Zack Zucker twirls around the microphone by its cord, tosses up an apple, smashes it with the mic, and watches the pieces fly across the stage. Then he makes a finger gun, as “American Woman” by Lenny Kravitz blasts from the speaker system. He continues this bit at length, and threatens to destroy the apple over the audience. The audiences winces and groans, but he spares us. At the Elysian, a typical comedy show is playfully absurd, and there is always the threat of potential audience interaction.
“It’s experimental,” says the Elysian’s executive director Kate Banford on the space. “It’s pushing people. It’s for someone who’s into going to a performance art show but also like, ‘I wanna laugh.’” The theater had a soft opening on October 25, and a “live birth” on October 30, both which featured clown performances and a wide array of talent. Upcoming shows include Whitmer Thomas, Jamie Loftus workshopping some sort of hot dog show, Natalie Palamides in her iconic egg getup, poetry, and musician Jason Mraz.
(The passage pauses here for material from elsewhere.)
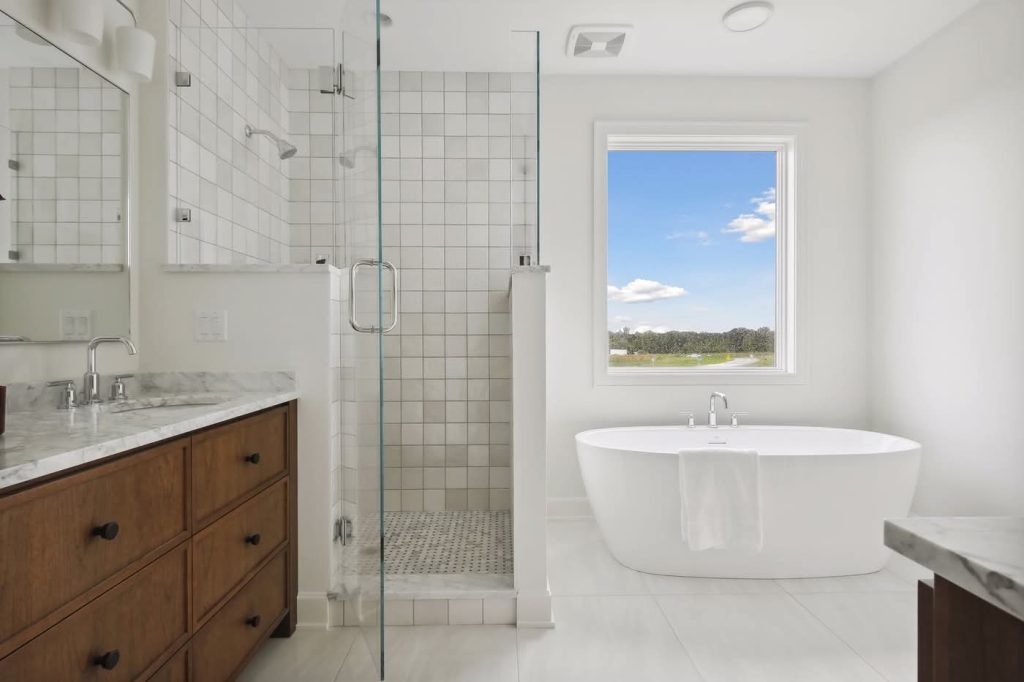 Modern bathroom with freestanding tub and glass shower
Palamides is on the theater’s board of directors along with Banford, Alex Plapinger, Jocey Florence, Ian Blair, and Kimberly Stuckwisch.
The Frogtown-based theater is a 501(c)3 nonprofit with a five-person board of directors, which Banford — who founded and co-owned the Good Good Comedy Theatre in Philadelphia — says allows the theater more leeway to take risks: “We can put money towards people taking risks, and not worry about having to monetize the space. It’s about supporting the space, the community, and paying performers and the people who are working at the space.” Banford says that the setup has also given the comedy theater access to people whose time and expertise would not otherwise be available. “With my last theater company, we didn’t have a lawyer … A lawyer wouldn’t be down to donate their services if we weren’t a nonprofit. They’d be like, ‘give me 10k right now.’”
The Elysian came together quickly beginning in March of 2021, which Banford says is “the most insane timeline I’ve ever dealt with with a theater kind of a budget — it was like making a movie.” Technical director Isaac Taylor introduced Banford to Alex Plapinger. “He really champions subversive and groundbreaking performance stuff,” Banford says of Plapinger. The theater — which may have been built sometime in 1927 — was previously a children’s theater academy, and there are leftover set pieces, like a huge church window on the middle of the wall.
Banford says that she wants the theater to be an alternative to Los Angeles’ comedy club scene. “Some people are saying really fucked up othering things that like push people away and make people feel ostracized,” Banford says. “And I hate that … It’s not the entire comedy club scene, but it’s a portion of it.” Banford also clarifies saying that the comedy at her theater will still push extremes and boundaries, but not in the way that would make individuals feel targeted and unwelcome. She also sees the theater as less focused on individual acts and showcases, and hopes it can be a space for collaboration and group process. “That’s really exciting to me, to see different people meld [their work] together.”
Banford is excited by other more experimental arts and performance spaces in Los Angeles, and encourages people to check out other spaces like Coaxial Arts, The Yard, Pieter Performance, Non Plus Ultra, and Heavy Manners Library.